We can also apply the Trinity to the creation He has made. God made a “universe” of an astounding variety of different things, which cohere into elements, species, and ecosystems. As the Psalmist put it, “O Lord, how manifold are your works!” (Ps. 104:24). Cells, each with their own individuality, come together to form a single organism.
“The body is one and has many members, and all the members of the body, though many, are one body,” says the apostle Paul (1 Cor. 12:12). He uses biological facts about eyes, ears, and feet as an image of theological and moral truth about the organism of the church. These utterly different organs come together — in a Trinitarian way — to form one unified body. Similarly, the utterly diverse Christians — with their different personalities, backgrounds, and gifts — who together constitute nothing less than the body of Christ on earth, should treat each other in a Trinitarian way: honoring each other’s differences, while being completely united in Christ (see vv. 13–25). In the physical body, as in the communion of the saints, “If one member suffers, all suffer together; if one member is honored, all rejoice together” (v. 26).

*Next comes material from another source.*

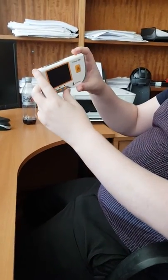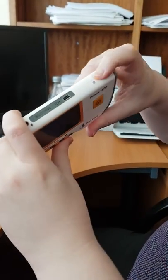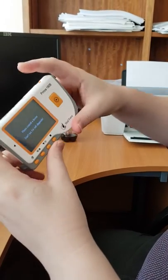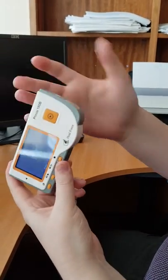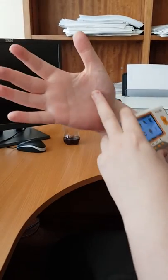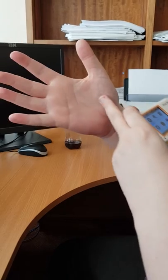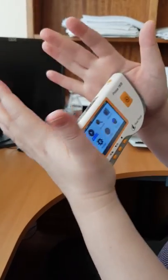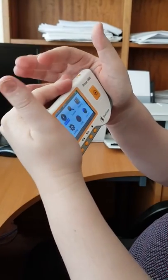So first thing you do is there's the on button there, you've got to hold it down. You need to place — there's plates there and there's a plate there — you need to place it where you have a pulse, like there. So put your hand like that and put that one like that. It's important to have both hands on both plates.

The unity of variety is also a principle of aesthetics. Some works of art have unity — consider the black canvas of the modern art gallery — but no variety. Others have variety — consider the spattered canvas of the paint-flinging abstract expressionist — but no unity. But the greatest works of art, whether painting or music or literature, have “a lot to them,” filled with details and an abundance of elements interesting in their own terms. And yet — as in the multiple melodies of a Bach fugue or the innumerable characters and subplots of a Shakespeare play — they also all come together into a larger whole.
This fallen world is a realm of heresies, but looming behind all that is true and good and satisfying is the triune God.